自分を引き出す魔法のコンパクト
──ああ、今日も疲れた、コンパクトを開けよう。
「こんばんは、○○さん!今日はどんな一日でしたか?」
──もう、めちゃくちゃ忙しかった。
「確かに、ずいぶんとお疲れのようですね」
──今日のミーティング、自分から意見をいろいろ述べたけど、あれでよかったかな?
「自分から発言したのですね。それはがんばりましたね!」
このように、女性が話すと応答し、悩みを聞き、フィードバックやコーチングをしてくれる魔法のコンパクト「MAJICO」の開発が進んでいます。 現代の女性なら、セーラームーンをはじめとする魔法を使う少女キャラクターに馴染みがあると思われます。少女たちが持つ、自分に力を与えてくれる魔法のコンパクトがMAJICOのイメージです。 開発には、MMとARUMONの有志メンバーが関わり、共同プロジェクトとして進めてきました。
人間味のあるやりとり
昨年5月に始まったプロジェクトは、メンバー同士でディスカッションを重ねアイデアをふくらませながら、少しずつ「魔法のコンパクト」という形にしていきました。11月に完成したプロトタイプは、手にひらに収まる、まさにメイク用コンパクトそのもの。女性が幼い頃にアニメを見てときめいた「魔法のコンパクト」を彷彿とさせる外観は、夢を叶えてくれる印象を与えます。 現在、完成に向けて開発が進んでいます。自分の悩みや不安をコンパクトに話すと、コーチングの手法を活用して応答し使用者と対話する機能を、顧文瑜は伴走者のイメージだと話します。
顧 文瑜
「例えば、自分で決めた目標にアプローチするまでの過程を見せてくれることで自分の課題を明らかにすることができます。モチベーションが下がったときは、励ます言葉をかけてくれますし、気分に合わせて自分が好きなコンテンツや商品も表示してくれます」
しかし、人の気持ちに寄り添ったやりとりをIoTで実現するのは、簡単なことではありません。ARUMONのメンバーは、音声や顔の表情、コーチングなどのさまざまなデータを蓄積・分析しながら、自然なレスポンスができるようにしていく考えです。

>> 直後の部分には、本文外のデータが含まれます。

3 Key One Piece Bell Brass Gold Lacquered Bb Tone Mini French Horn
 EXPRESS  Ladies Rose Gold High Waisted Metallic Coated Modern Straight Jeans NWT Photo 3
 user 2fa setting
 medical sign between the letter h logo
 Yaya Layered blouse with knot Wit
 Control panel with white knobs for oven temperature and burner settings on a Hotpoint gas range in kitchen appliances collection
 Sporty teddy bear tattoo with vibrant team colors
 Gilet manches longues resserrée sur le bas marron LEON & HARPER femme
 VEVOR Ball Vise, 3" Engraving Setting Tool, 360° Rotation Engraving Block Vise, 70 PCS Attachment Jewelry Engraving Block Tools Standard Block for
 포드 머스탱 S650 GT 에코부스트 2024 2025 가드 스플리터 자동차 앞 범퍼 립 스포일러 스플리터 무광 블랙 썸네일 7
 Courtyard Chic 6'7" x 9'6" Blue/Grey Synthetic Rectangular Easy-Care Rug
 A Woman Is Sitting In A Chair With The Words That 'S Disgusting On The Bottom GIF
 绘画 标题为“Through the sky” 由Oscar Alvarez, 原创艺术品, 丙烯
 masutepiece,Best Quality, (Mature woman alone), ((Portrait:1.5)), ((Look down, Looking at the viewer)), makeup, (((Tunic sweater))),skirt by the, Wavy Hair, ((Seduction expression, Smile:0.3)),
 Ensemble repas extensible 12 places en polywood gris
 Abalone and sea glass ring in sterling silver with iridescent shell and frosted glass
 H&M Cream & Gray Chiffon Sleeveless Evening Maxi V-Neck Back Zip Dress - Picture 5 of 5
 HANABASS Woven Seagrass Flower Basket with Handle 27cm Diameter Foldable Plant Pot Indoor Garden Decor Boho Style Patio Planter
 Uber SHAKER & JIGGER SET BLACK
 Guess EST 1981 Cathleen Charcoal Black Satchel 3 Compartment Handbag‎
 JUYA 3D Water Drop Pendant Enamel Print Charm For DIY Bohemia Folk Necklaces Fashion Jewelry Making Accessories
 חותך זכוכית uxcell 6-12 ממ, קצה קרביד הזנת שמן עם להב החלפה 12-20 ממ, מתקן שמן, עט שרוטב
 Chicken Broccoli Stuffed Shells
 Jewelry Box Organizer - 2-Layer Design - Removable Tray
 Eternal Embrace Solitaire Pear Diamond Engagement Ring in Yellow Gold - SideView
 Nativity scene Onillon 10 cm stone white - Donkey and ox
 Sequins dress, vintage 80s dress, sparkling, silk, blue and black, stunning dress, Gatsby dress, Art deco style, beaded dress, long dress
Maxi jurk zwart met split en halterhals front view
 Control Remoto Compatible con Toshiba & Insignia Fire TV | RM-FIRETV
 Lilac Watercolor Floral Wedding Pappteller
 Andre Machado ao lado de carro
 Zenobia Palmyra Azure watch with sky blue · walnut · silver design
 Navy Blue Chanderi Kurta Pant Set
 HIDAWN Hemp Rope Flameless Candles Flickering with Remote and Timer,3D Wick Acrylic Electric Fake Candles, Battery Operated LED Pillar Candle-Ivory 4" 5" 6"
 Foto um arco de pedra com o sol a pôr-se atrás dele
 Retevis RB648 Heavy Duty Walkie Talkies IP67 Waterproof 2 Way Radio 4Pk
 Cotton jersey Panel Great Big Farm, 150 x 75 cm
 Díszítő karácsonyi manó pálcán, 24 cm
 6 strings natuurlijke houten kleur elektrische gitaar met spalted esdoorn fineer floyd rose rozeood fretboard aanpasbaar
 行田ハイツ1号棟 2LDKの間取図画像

「例えば、コンパクトに内蔵されたカメラとマイクから利用者の顔画像と音声を取得し、表情や会話内容から心情を解析して、適切なメッセージを返すようにします」と前原良美は言います。仲理紗は「IoTはシステマティックで冷たい印象がありますが、MAJICOでは人間味のあるやりとりができるように実装してきたいです」とMAJICOの機能を語ります。